What We Like
- A design that feels surprisingly premium and looks the part too.
- Sound quality is good, and especially beneficial for TV viewing.
- Bluetooth works well and is a nice option to have.
What We Don’t Like
- The remote control is poorly made, and the sensor is a little misplaced.
Whilst something of a new kid on the block, Richsound Research has an extremely solid pedigree. Founded in 2010, the company was started by a mixed bag of engineers, scientists, and artists united by a passion for quality audio.
As you will tend to find when looking at soundbars at around this price point, the design of the TB220L is simple, understated, and doesn’t offer a whole lot in the way of visual flair. This isn’t necessarily a bad thing. Given the versatility of their functional design, the fact that the TB220L sports a fairly unobtrusive aesthetic can be a real plus when it comes to deciding exactly how the soundbar is going to fit into your audio set-up.

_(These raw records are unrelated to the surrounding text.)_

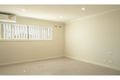 Property photo of 9 Cabramurra Street Heckenberg NSW 2168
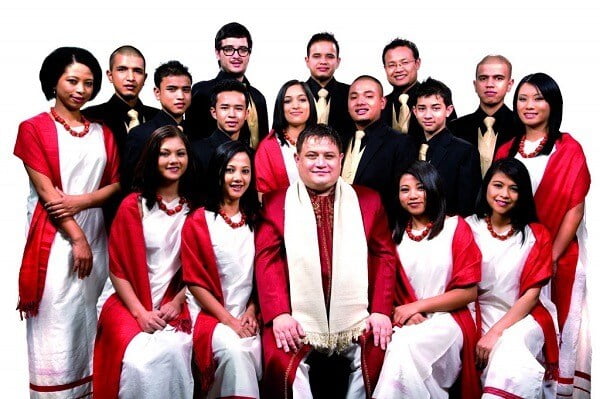 India’s Got Talent Winners List of All Seasons (With Photos)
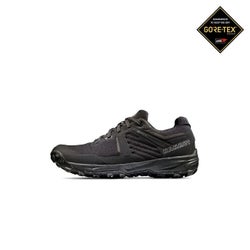 Ultimate III Low GTX Women black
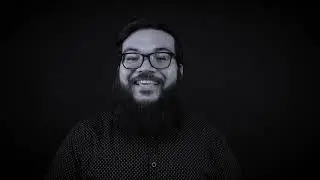 ws.magic - Catch by Vanishing Inc Magic Trick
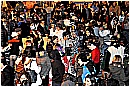 15B_9970 - 278 KB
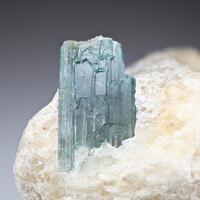 Grandidierite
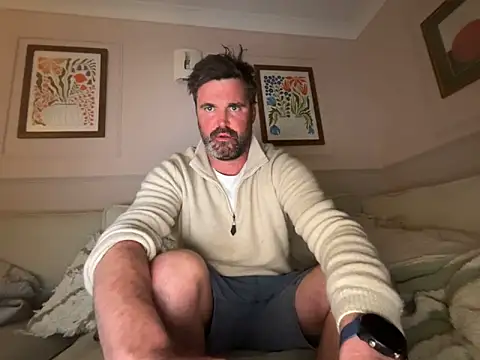 CyprioteWhitefly online show from April 2026 08:28:02 PM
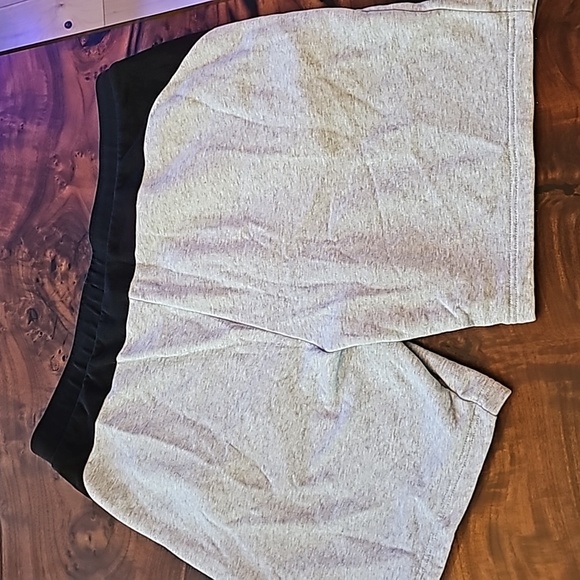 🐊LACOSTE🐊NWOT SHORTS🐊SZ XXL - Picture 9 of 9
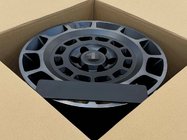 Toyota Land Cruiser 300 2021– Gesmede OEM velgen R20 V2 (4 stuks) foto 4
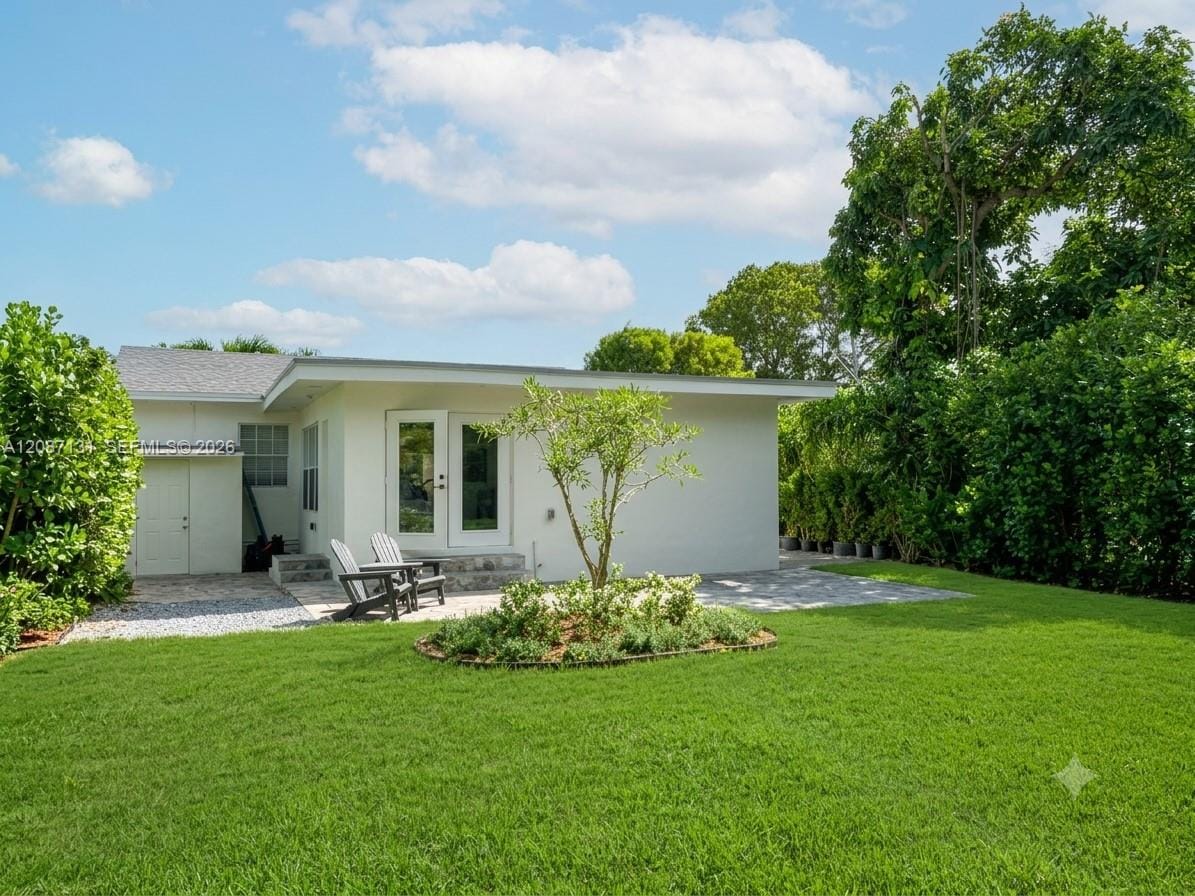 255 NW 50th Street, Miami, FL 33127 photo 17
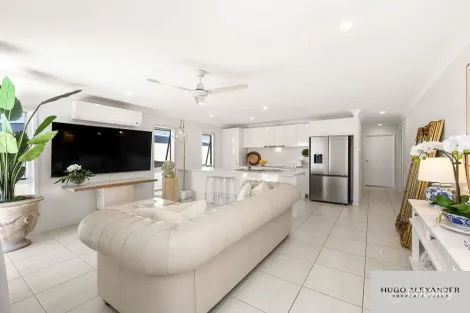 2/25 Fountain St, Pimpama, QLD 4209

The materials feel a lot more premium than you might expect for the cost. The front of the TB220L is comprised of a continuous metal grille which covers the full length of the device. It’s sleek, and adds a real feeling of quality to what could otherwise feel a little lacklustre were it fashioned entirely from plastic.
The buttons are well placed, concealed on the right side of the soundbar in a way that makes them easily accessible and also has minimal impact on the overall look of the device.
There isn’t a whole lot to say about the feature set of the TB220Ls, but soundbars as a whole are not usually packed with additional extras and so this is not a huge issue by any means.
What there is to offer, however, is all pretty solid across the board. Mounting the unit on the wall is an easy and simple process thanks to an included wall mounting kit and guide. The Bluetooth experience is fairly seamless, and certainly makes for a nice addition to the plethora of options when it comes to routing audio through the device.
One minor gripe is with the remote control. It is very small, and lacks the build quality of the rest of the TB220Ls. The placement of the sensor on the soundbar itself is also a little questionable. It is located very low on the device, and this means it can be difficult to actually use the remote depending on what surface the soundbar is placed on. As you would expect, this problem is mitigated entirely if the soundbar is mounted on a wall as you now have full access to the sensor.
While a soundbar alone is not going to revolutionise your listening experience and transform your living room into a fully fledged Dolby Atmos competitor, it is certainly a great start. On the whole, we were extremely satisfied by the sound quality of such a relatively inexpensive device.
The bass is solid and punchy where it matters, but Richsound Research have done a good job of ensuring that the sound never becomes muddy. Even at high volume levels, distortion is not an issue. Highs are crisp and well defined. But where the TB220Ls really shine is in the mids. This is especially great for TV watching, as a lot of dialogue resides in this section of the mix. And it really pops, adding a great deal of distinction and clarity to the overall listening experience.
Other than the previously discussed matter of the subpar remote control, technical performance was very good in all our tests. Bluetooth streaming from a host of devices worked flawlessly and we did not encounter anything in the way of lag, skipping, or other distortion.
When it comes to the entry level, Richsound Research has it all sewn up with the TB220Ls. Featuring a sleek, unobtrusive design, great sound quality, and a versatile form, there just isn’t much to find fault with here.